*** Opening of Supplied material ***

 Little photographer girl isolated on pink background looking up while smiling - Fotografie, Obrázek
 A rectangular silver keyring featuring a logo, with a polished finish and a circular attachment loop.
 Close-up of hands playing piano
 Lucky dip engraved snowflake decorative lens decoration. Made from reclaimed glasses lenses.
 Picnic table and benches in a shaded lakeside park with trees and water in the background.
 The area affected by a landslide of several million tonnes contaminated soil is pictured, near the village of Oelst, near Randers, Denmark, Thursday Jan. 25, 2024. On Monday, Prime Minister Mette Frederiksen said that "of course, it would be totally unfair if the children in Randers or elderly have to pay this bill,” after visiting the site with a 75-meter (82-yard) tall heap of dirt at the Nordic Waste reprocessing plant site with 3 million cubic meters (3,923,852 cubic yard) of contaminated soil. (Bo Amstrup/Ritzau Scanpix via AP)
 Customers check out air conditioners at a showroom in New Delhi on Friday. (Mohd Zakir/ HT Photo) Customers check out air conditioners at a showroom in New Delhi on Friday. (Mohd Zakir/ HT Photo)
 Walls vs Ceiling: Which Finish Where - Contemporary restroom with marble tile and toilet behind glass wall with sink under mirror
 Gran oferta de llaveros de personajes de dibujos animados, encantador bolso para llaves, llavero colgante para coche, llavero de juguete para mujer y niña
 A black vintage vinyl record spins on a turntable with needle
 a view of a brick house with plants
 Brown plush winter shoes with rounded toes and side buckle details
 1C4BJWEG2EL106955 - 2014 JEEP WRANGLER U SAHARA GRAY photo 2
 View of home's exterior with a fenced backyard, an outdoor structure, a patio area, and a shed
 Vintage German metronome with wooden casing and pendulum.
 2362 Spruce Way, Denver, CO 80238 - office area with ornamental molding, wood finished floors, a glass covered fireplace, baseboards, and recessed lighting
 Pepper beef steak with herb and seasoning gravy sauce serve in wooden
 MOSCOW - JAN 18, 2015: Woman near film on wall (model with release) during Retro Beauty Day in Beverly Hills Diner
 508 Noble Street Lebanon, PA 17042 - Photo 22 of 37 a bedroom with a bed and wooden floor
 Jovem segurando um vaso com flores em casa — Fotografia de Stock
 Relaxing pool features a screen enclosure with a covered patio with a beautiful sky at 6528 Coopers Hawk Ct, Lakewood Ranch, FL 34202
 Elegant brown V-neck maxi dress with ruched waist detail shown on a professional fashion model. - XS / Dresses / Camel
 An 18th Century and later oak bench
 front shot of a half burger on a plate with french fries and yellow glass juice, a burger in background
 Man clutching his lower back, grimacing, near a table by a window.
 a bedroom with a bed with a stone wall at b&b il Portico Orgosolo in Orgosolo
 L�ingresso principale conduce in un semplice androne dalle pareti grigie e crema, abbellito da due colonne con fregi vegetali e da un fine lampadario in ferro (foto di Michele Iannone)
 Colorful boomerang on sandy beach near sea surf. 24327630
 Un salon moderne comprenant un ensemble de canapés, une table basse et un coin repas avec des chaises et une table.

*** Close of Supplied material ***

▶ **Assigned task**
Check each line of the records for the word "background", and show the lines that contain it.

▶ **Response area**
 Little photographer girl isolated on pink background looking up while smiling - Fotografie, Obrázek
 Picnic table and benches in a shaded lakeside park with trees and water in the background.
 front shot of a half burger on a plate with french fries and yellow glass juice, a burger in background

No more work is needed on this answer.